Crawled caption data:
__________________________________________________
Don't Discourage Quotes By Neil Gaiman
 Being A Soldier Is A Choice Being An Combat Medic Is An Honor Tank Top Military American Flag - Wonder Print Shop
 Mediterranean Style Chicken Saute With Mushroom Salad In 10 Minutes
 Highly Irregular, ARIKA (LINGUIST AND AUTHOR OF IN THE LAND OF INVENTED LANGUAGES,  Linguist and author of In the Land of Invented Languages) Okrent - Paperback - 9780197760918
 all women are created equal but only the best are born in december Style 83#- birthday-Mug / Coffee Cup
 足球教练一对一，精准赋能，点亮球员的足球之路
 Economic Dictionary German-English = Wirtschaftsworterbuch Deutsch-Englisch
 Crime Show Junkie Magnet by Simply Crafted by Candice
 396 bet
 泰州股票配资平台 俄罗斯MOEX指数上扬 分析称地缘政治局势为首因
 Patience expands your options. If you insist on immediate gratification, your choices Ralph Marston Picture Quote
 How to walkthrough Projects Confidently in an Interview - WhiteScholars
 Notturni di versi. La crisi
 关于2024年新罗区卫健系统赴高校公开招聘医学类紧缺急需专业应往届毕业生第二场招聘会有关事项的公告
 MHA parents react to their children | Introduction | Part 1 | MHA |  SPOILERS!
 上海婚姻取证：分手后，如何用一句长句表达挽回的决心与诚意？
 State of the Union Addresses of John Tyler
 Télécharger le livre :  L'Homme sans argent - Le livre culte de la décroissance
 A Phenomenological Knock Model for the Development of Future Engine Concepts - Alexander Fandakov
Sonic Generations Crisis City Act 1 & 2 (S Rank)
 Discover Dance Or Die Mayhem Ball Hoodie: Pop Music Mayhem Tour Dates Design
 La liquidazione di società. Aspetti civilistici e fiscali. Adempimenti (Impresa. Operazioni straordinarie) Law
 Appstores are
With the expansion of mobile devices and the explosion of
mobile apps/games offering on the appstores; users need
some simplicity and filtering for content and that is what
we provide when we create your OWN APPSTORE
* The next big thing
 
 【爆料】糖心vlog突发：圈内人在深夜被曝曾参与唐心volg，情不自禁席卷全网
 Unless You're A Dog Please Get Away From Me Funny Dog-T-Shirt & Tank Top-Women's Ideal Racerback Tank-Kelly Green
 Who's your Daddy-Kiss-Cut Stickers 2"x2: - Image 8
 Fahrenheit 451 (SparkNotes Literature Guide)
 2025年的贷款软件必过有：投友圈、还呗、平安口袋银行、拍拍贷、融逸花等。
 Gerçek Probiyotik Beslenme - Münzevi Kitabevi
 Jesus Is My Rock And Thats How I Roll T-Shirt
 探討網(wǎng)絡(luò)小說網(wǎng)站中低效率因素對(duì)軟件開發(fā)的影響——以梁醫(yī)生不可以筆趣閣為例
__________________________________________________
WHAT THE EXERCISE ASKS: Which lines above contain the word "mobile"? Show each of them.

ANSWER TO THIS TASK:
With the expansion of mobile devices and the explosion of
mobile apps/games offering on the appstores; users need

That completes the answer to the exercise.